​What Are the Top Five Reasons to Teach Vocabulary

Top Five Reasons to Teach Vocabulary

Young people are reading less and failing to build vocabulary amid a sea of text messaging and cyberchat says literacy and child development specialist Professor Tom Nicholson. It goes without saying that the best writers and speakers are often the widest read. Today’s kids have been raised on computers, iPads, and television, so it’s important to encourage them to build their vocabulary. Here are the five important reasons to teach vocabulary:

      Vocabulary Acquisition Improves Reading Comprehension

Research has shown that we need to understand at least 98% of the words we read to understand what we are reading. Improving vocabulary skills will improve comprehension of novels and textbooks. Did you know that if a student is not an avid reader, they will not have the necessary exposure to the complex vocabulary in text that will allow their reading and writing vocabulary to develop? 



      Vocabulary Is Necessary for Expressive and Persuasive Writing

Having a large vocabulary to draw upon can help you produce more effective writing. Students need to use a more formal tone when writing – not conversational language – and to do that, they need a richer vocabulary bank to draw from in order to pull out those words we don’t often use when we speak.

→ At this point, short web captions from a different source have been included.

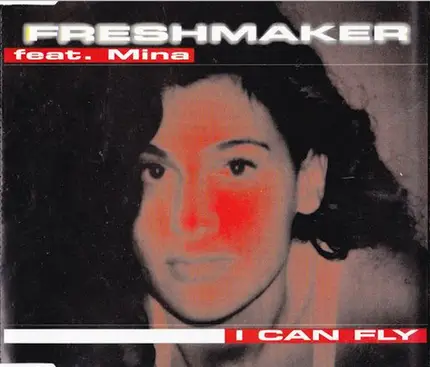 Freshmaker Feat. Mina Masseli - I Can Fly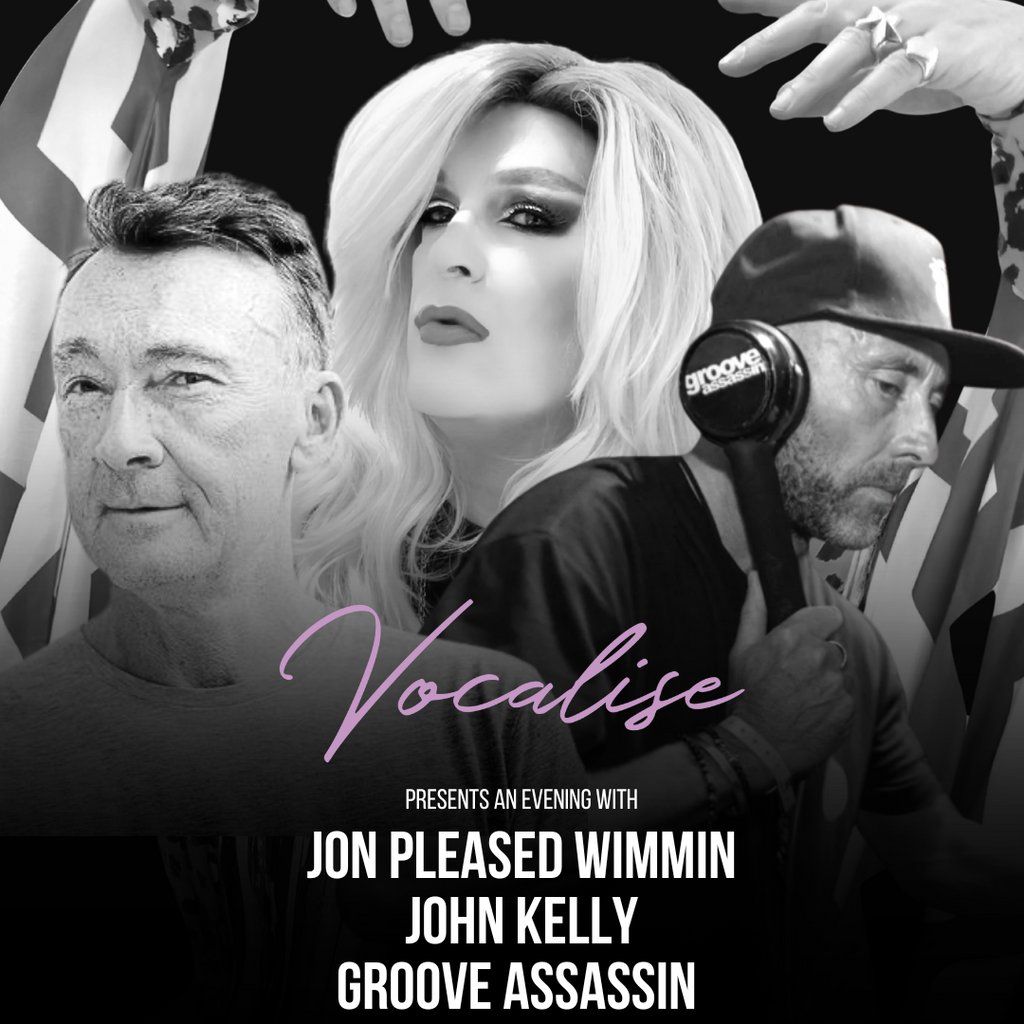 Vocalise - Jon Pleased Wimmin, John Kelly and Groove Assassin, 8 November | Event in Lichfield | AllEvents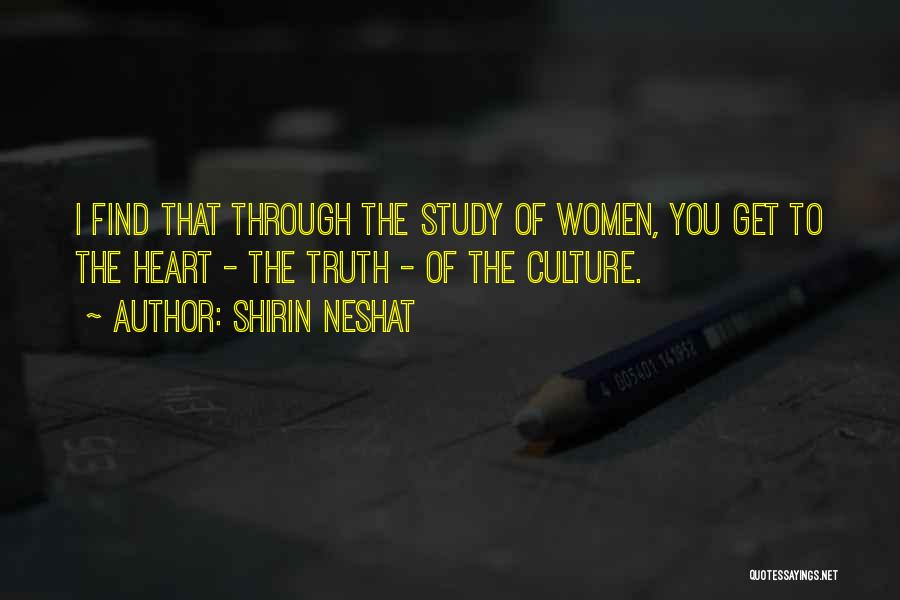 Shirin Quotes By Shirin Neshat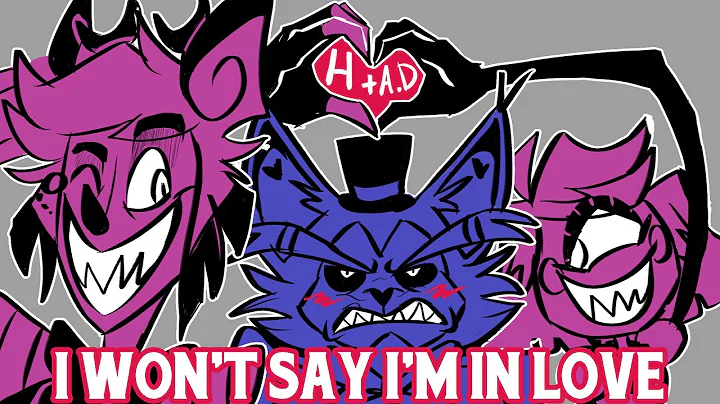 I Won't Say I'm in Love - Huskerdust Hazbin Hotel Animatic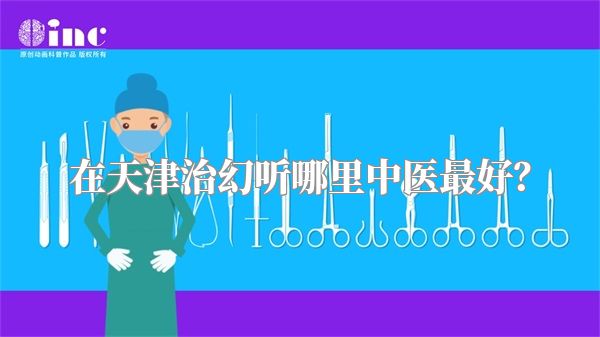 在天津治幻听哪里中医最好？
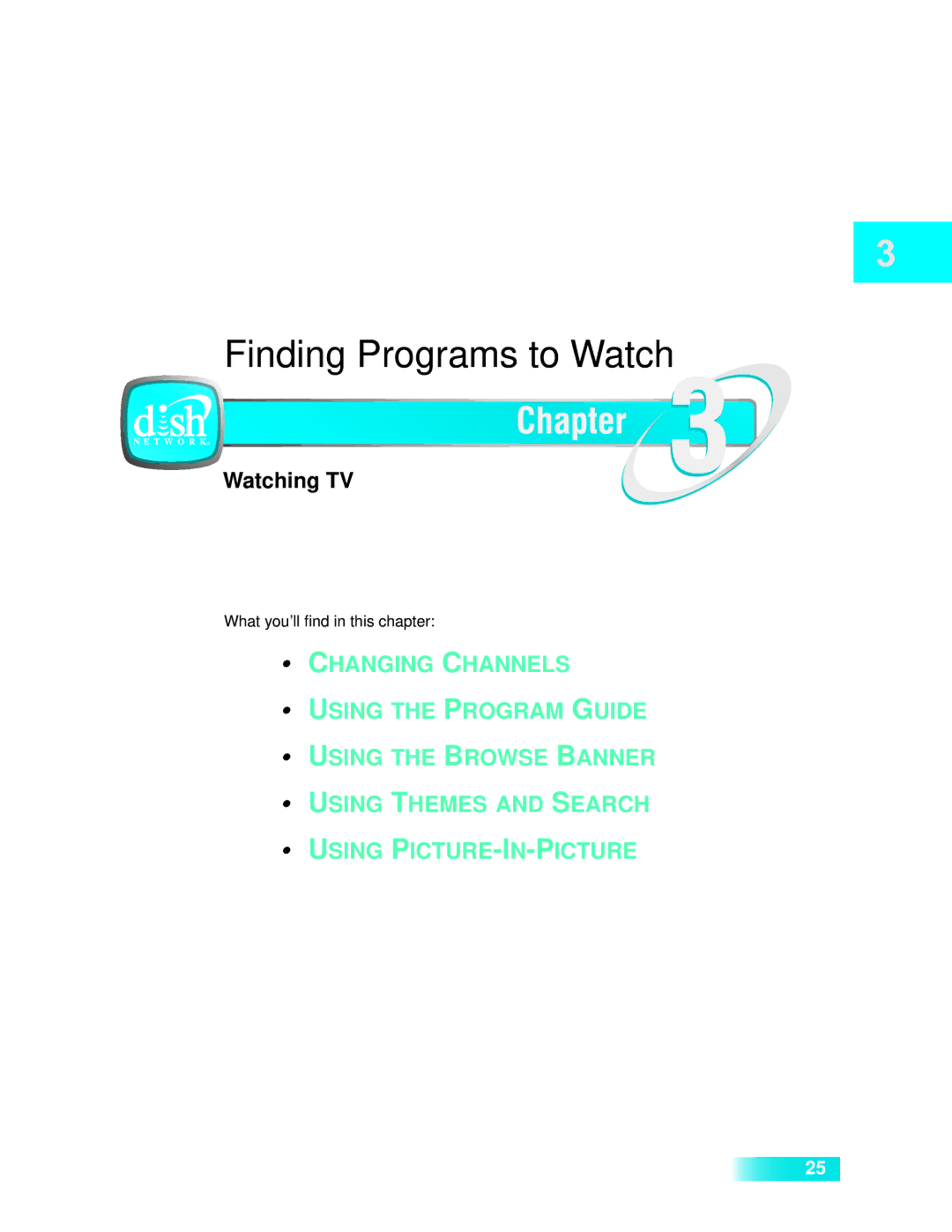 Dish Network 722k important safety instructions Finding Programs to Watch 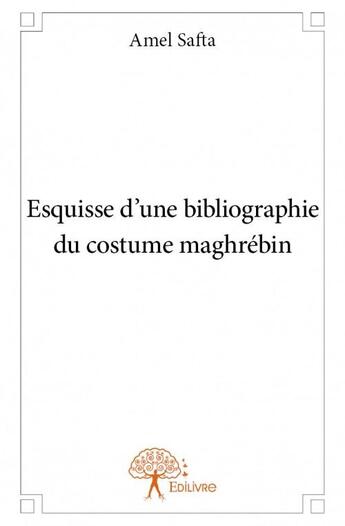 Couverture du livre « Esquisse d'une bibliographie du costume maghrébin » de Amel Safta aux éditions Edilivre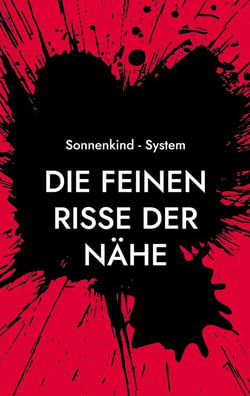 Die feinen Risse der Nähe - Wenn Beziehung uns zerreißt und hält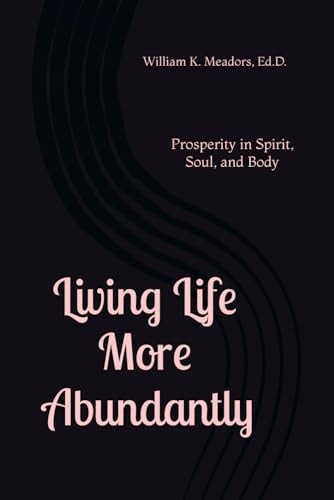 Living Life More Abundantly: Prosperity in Spirit, Soul, and Body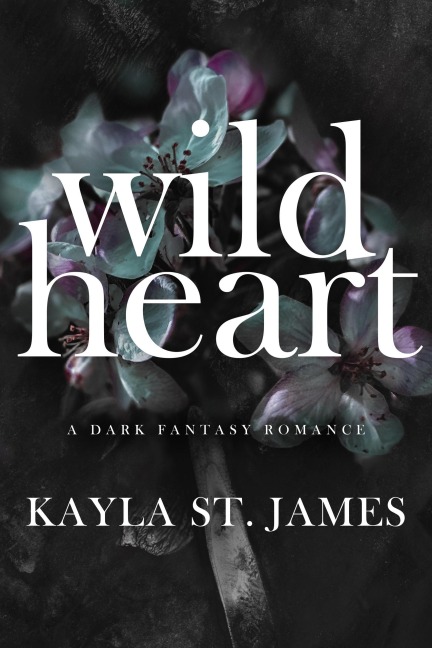 Wild Heart: A Dark Fantasy Romance - Kayla St. James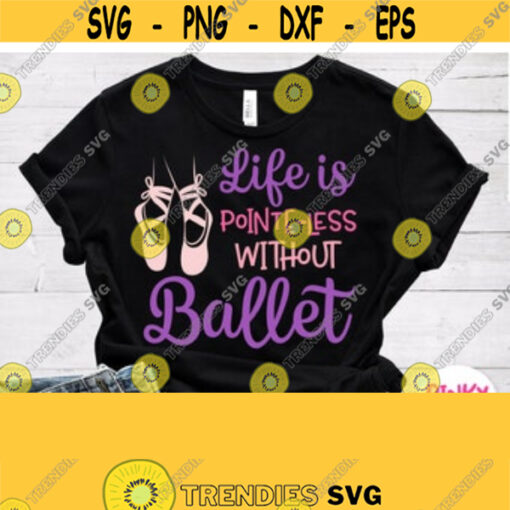 Life Is Pointe Less Without Ballet Svg Dancing Girl Shirt Svg Design Ballerina Shoes Svg Printable or Cuttable File Cricut Silhouette Design 71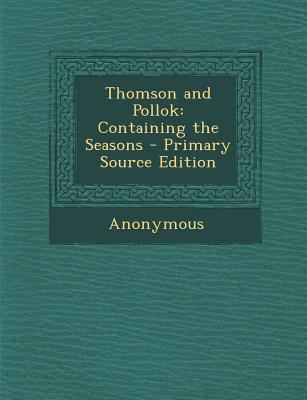 Thomson and Pollok: Containing the Seasons 1287746098 Book Cover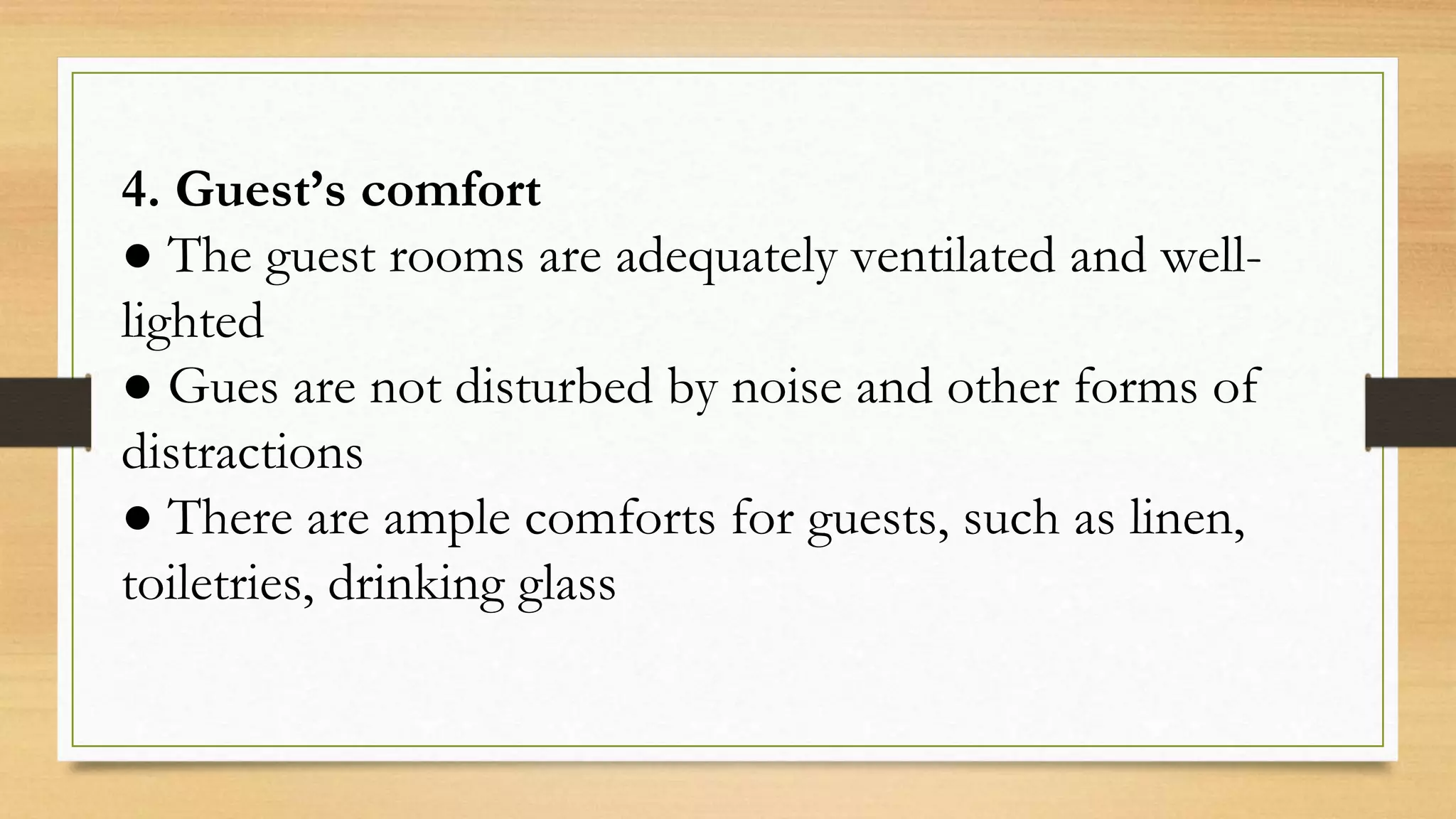 4. Guest’s comfort
● The guest rooms are adequately ventilated and well-
lighted
● Gues are not disturbed by noise and other forms of
distractions
● There are ample comforts for guests, such as linen,
toiletries, drinking glass
 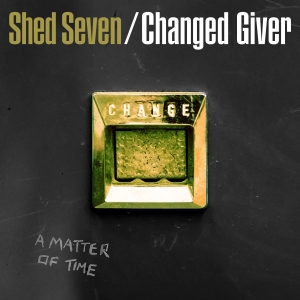 Shed Seven - Changed Giver (Rsd 2024 Black & Whi ryhmässä Kommande produkter - 10 procent @ Bengans Skivbutik AB (5519831)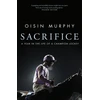 KNYGA Oisin Murphy Murphy Oisin Sacrifice: A Year in the Life of a Champion Jockey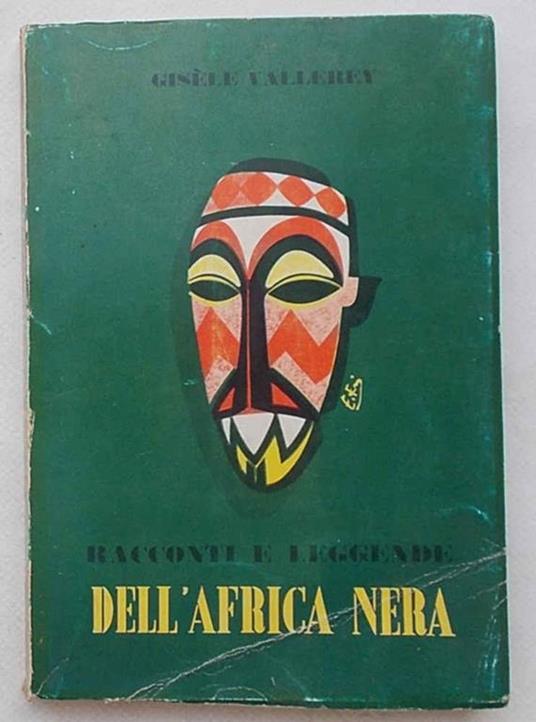 Racconti e leggende dell'Africa nera - Giséle Vallerey - copertina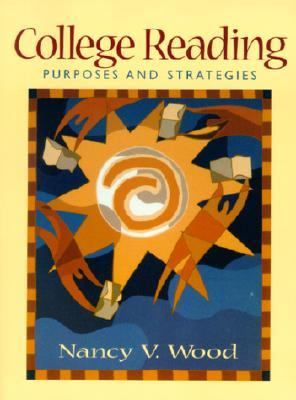 College Reading Purposes and Strategies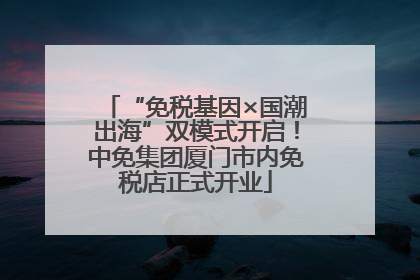 “免税基因×国潮出海”双模式开启！中免集团厦门市内免税店正式开业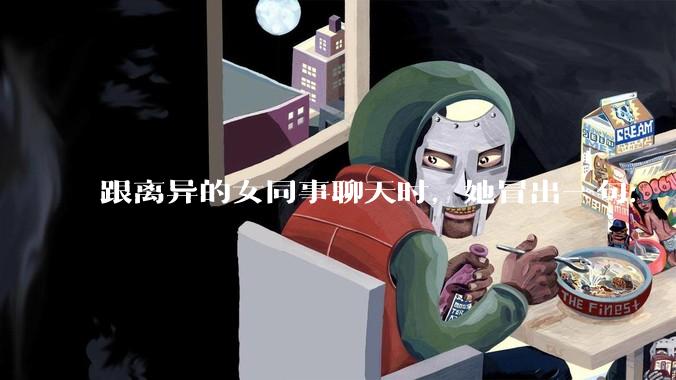 跟离异的女同事聊天时，她冒出一句：「你老婆还不如我，离了跟我过得了」，我该怎么回答？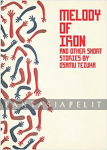kuva tuotteesta on linkki tuotesivulle: Melody of Iron and Other Short Stories
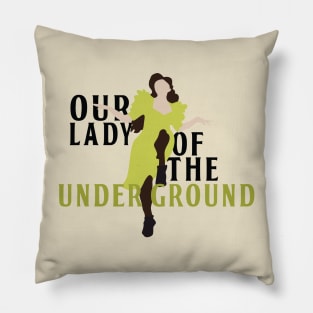 Our Lady of the Underground Pillow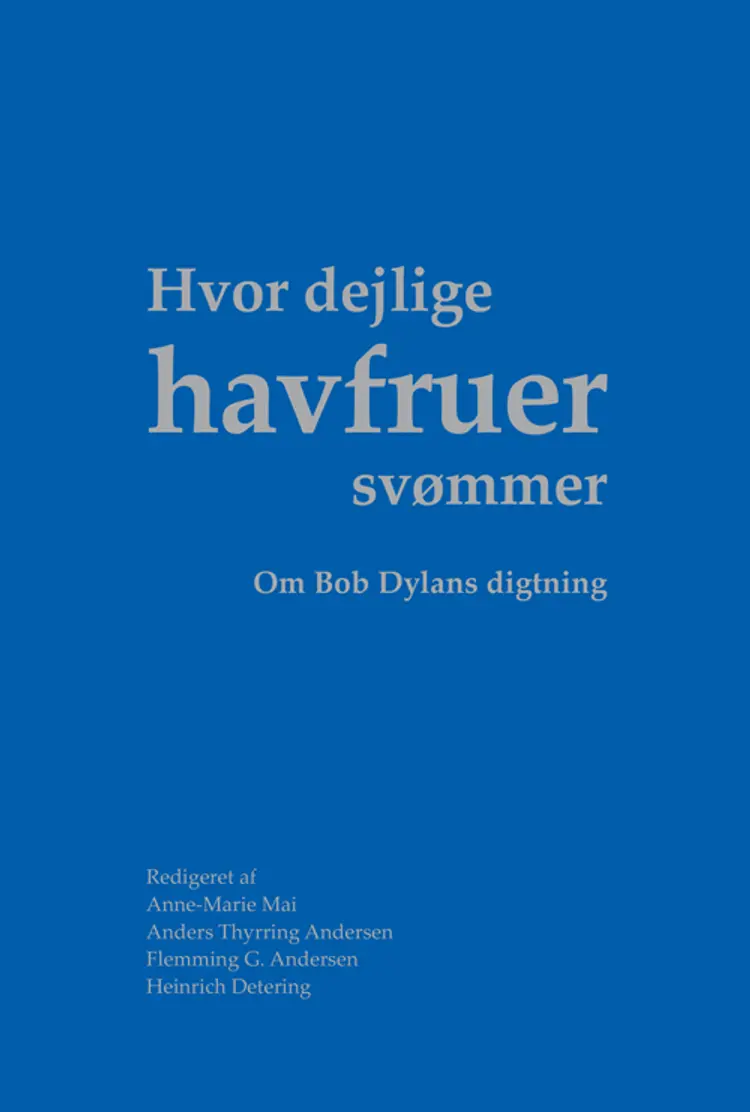 Hvor dejlige havfruer svømmer af Flemming G. Andersen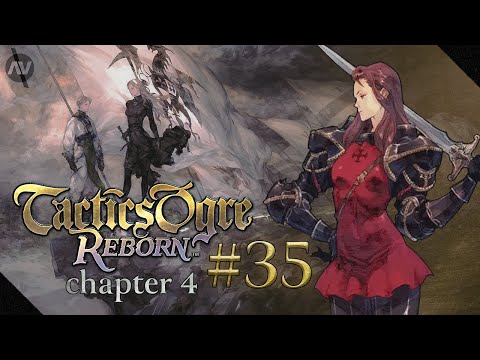 #35 Let Us Cling Together | Tactics Ogre Reborn Let's Play | Chapter 4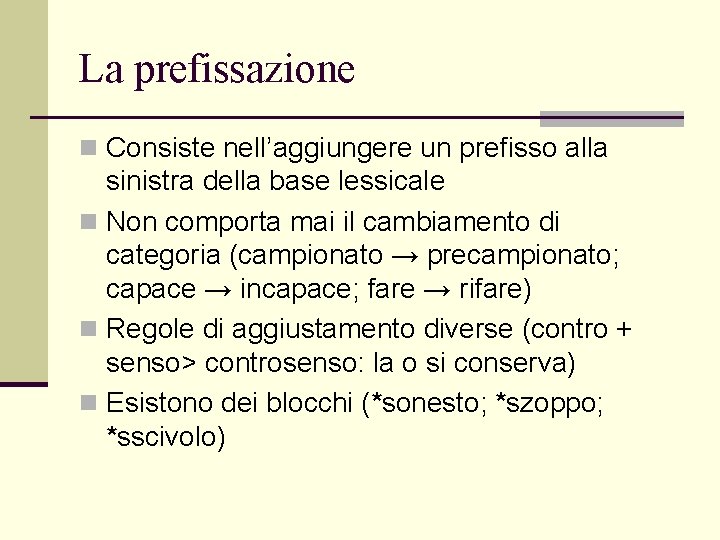 La prefissazione n Consiste nell’aggiungere un prefisso alla sinistra della base lessicale n Non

      Vocabulary Is Important for Language Development

Children who develop a rich vocabulary tend to be deeper thinkers and express themselves better. Improving language and literacy skills early in life will enable them to more easily communicate and succeed academically.


      Vocabulary Is Key for Conceptualizing and Communicating 

Successful communication, or “saying what you mean,” is dependent upon having a good vocabulary base. Using more precise words, when speaking makes you a more effective communicator.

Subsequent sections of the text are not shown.